To answer question 3, regression analyses of remission on patient-characteristics (ED diagnosis, age and comorbidity), for each treatment approach were performed. The strength and direction of relationships, significance-levels, as well as variance explained by the models were examined. Regression analyses of remission rates on treatment approach and patient variables as simultaneous predictors were planned.

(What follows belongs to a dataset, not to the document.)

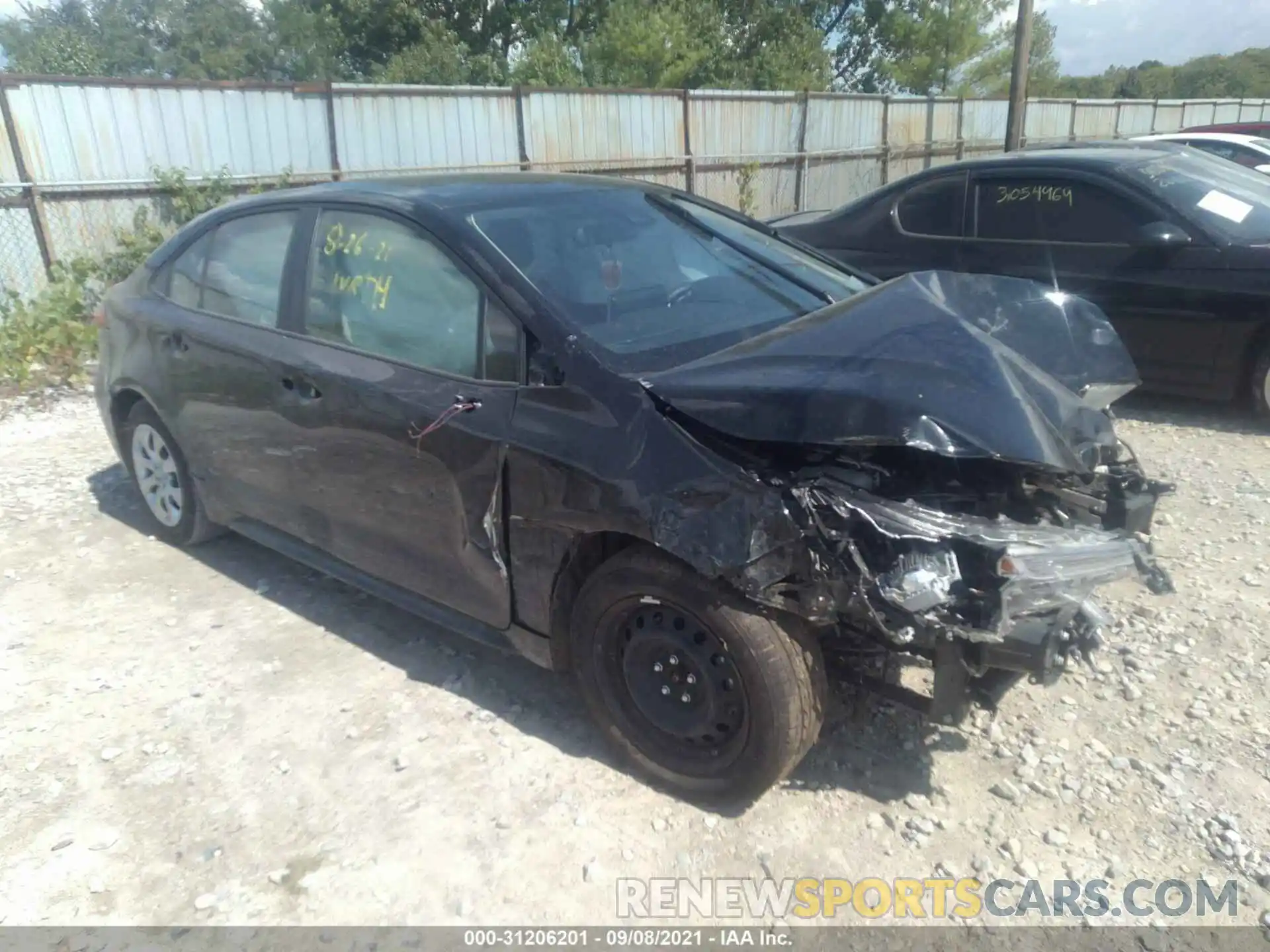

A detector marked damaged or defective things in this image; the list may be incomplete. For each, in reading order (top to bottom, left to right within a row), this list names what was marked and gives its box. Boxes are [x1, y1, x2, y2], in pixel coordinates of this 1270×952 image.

damaged black sedan [94, 174, 1173, 807]
crumpled hood [645, 270, 1143, 475]
crushed front end [782, 444, 1178, 726]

Furthermore, analyses were performed to assess the possible significance of design characteristics, i.e., follow-up time and allocation to treatment conditions.
Publication bias assessment
One vulnerability of meta-analyses is the potential presence of publication bias, i.e., if studies with weak or non-significant effects are not published and therefore not included in the analysis. Publication bias has been identified as a problem in both psychological and medical research (44) but is unreliable to test with one method only. The use of several methods is therefore recommended (45). To test for publication bias, we used funnel plots to visually assess the presence of publication bias and Egger’s regression for examining correlations between sample size and estimated effect sizes. Using the Duvall and Tweedie`s Trim and fill method for imputing missing studies, the adjusted effect sizes for the CBT, PIT and WL/NC conditions will be examined for all outcomes.